I’m a long-time Ruby programmer, and to date my most substantial contribution to the Ruby community is Sequel, of which I’m the original author. The same spirit that guided me in creating Sequel is the one that’s currently guiding me in working on the Digital Fabric suite of tools: create simple and powerfull APIs that make developers happy and that feel like natural extensions of the Ruby programming language. I believe Polyphony and Tipi have the potential to unleash a new wave of creativity in the Ruby community!

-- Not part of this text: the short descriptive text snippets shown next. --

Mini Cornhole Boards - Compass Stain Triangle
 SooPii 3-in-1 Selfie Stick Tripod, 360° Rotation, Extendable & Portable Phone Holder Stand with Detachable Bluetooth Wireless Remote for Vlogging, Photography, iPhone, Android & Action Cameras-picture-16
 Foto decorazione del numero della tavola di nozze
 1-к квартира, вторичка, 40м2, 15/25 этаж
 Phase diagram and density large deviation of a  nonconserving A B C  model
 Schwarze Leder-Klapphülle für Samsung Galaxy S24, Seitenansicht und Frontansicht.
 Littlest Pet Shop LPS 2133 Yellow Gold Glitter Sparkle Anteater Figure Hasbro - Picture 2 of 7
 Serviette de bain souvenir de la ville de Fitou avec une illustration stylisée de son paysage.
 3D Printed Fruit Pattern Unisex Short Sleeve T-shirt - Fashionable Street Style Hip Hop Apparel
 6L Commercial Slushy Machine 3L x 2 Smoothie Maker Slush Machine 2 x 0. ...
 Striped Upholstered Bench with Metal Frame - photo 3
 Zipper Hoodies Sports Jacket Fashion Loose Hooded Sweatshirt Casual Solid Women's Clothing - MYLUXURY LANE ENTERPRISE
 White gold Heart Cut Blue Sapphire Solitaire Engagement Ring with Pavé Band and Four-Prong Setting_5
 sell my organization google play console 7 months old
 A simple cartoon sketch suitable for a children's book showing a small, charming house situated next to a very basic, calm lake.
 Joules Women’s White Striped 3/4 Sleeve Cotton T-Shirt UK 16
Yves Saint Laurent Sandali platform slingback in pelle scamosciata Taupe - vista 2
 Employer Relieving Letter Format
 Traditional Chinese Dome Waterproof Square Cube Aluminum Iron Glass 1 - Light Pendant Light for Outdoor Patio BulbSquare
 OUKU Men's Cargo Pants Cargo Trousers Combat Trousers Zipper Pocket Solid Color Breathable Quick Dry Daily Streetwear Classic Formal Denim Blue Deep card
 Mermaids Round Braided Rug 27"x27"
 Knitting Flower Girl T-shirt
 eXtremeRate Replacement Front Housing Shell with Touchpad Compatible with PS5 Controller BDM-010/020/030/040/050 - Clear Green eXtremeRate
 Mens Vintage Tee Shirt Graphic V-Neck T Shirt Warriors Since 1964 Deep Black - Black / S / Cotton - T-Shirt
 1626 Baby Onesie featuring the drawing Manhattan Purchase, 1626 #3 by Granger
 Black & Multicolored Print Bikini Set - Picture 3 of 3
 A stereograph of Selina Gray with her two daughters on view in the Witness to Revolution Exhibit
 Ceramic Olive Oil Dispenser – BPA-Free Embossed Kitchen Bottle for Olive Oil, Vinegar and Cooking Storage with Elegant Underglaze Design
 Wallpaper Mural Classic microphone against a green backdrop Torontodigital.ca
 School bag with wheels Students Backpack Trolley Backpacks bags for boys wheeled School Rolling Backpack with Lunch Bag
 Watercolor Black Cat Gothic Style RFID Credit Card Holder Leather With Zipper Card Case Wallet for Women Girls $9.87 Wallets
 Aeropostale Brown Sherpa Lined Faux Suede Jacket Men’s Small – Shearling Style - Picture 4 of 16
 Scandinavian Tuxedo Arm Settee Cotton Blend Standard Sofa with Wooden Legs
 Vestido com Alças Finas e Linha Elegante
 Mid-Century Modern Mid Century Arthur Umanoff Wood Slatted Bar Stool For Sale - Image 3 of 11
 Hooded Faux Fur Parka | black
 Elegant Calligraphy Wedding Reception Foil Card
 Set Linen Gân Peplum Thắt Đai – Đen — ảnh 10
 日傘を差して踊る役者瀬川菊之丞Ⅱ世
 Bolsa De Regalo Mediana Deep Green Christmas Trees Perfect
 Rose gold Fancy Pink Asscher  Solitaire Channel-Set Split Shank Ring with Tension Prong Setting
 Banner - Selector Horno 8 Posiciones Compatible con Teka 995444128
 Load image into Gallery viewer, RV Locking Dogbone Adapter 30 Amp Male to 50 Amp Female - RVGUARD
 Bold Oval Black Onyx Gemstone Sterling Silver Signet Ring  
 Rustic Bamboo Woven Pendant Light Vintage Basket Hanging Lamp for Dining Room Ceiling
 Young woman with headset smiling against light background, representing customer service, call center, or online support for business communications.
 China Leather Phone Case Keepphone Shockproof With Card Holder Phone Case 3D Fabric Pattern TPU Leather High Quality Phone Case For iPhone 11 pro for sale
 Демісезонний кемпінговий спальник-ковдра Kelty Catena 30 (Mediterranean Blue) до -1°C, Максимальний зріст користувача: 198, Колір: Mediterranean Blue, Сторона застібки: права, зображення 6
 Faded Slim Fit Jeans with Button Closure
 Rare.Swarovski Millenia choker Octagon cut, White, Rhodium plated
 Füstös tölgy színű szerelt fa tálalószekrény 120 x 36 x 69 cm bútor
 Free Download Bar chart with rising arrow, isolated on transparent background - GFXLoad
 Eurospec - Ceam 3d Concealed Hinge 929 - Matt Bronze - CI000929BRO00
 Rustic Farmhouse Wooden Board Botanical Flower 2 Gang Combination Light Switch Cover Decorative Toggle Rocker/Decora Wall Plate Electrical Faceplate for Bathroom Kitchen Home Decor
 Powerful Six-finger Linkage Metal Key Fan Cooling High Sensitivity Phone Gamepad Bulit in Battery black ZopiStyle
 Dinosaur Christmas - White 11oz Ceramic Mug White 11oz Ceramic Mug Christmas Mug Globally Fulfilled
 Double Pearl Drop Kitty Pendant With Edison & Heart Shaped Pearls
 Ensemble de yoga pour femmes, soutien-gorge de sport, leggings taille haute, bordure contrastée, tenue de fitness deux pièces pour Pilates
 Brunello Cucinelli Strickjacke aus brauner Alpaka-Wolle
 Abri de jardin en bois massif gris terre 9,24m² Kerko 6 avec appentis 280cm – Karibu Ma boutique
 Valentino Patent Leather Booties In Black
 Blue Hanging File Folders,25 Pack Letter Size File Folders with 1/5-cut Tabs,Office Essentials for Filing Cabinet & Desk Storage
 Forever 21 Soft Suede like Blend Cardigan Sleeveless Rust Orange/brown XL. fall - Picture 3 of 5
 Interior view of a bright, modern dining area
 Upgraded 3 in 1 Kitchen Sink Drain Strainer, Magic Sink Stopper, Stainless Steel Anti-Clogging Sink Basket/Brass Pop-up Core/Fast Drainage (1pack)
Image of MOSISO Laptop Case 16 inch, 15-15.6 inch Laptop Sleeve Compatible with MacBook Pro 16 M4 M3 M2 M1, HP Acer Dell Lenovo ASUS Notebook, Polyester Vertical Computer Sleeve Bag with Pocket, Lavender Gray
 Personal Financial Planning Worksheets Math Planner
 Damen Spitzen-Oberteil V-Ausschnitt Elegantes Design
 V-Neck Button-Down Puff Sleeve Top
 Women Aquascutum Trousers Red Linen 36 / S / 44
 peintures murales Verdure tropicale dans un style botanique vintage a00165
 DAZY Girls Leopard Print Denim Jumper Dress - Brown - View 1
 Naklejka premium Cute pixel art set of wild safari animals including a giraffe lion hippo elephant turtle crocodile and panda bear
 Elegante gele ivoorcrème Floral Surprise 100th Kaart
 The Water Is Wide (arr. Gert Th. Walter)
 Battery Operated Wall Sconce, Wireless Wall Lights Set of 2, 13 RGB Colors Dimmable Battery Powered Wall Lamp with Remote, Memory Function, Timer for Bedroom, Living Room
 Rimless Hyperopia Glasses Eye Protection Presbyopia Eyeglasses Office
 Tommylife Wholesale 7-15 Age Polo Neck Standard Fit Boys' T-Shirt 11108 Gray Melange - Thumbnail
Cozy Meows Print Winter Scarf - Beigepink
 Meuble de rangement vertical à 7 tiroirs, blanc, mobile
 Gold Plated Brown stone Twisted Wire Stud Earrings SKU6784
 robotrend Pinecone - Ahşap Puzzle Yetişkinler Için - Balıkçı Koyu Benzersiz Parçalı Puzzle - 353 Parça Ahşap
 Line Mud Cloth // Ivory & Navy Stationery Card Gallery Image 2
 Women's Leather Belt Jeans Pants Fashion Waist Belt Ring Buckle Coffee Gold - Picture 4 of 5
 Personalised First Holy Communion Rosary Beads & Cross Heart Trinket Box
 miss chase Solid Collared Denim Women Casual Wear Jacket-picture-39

Here’s some of the things I intend to work on in the near future:

27·07·2021

What's new in Polyphony - July 2021 edition

Following last month’s update, here’s an update on the latest changes to Polyphony:

Redesigned tracing system

In previous versions, Polyphony included extensions to the core Ruby TracePoint API, so that events such as switching fibers, scheduling fibers, polling for I/O completions, could be traced using the same TracePoint API that’s used for tracing method calls, variable access etc. In Polyphony 0.59 the tracing system was completely overhauled and separated from TracePoint. Polyphony backend events can now be traced by calling Backend#trace_proc:

Thread.backend.trace_proc = proc { |*event| p event }

Events are fed to the tracing proc as plain Ruby arrays, where the first member signifies the type of event. Currently the following events are emitted:

[:fiber_create, fiber]
[:fiber_schedule, fiber, resume_value, is_priority]
[:fiber_switchpoint, current_fiber]
[:fiber_run, fiber, resume_value]
[:fiber_event_poll_enter, current_fiber]
[:fiber_event_poll_leave, current_fiber]

New methods for changing fiber ownership

Polyphony follows the structured concurrency paradigm, where the lifetime of each fiber is limited to that of the fiber from which it was spun. This mechanism, also called a parent-child relationship, permits developers to spin up thousands of fibers in a structured and controlled manner. Version 0.60 introduces two new methods which allow you to change the parent of a fiber.

Fiber#detach sets the fiber’s parent to the main fiber. This method could be useful if you need a fiber to outlive its parent:

parent = spin do
  child = spin do
    do_something
  end
  child.detach
  child.parent #=> Fiber.main
end

parent.await
# parent is dead, but child is still alive!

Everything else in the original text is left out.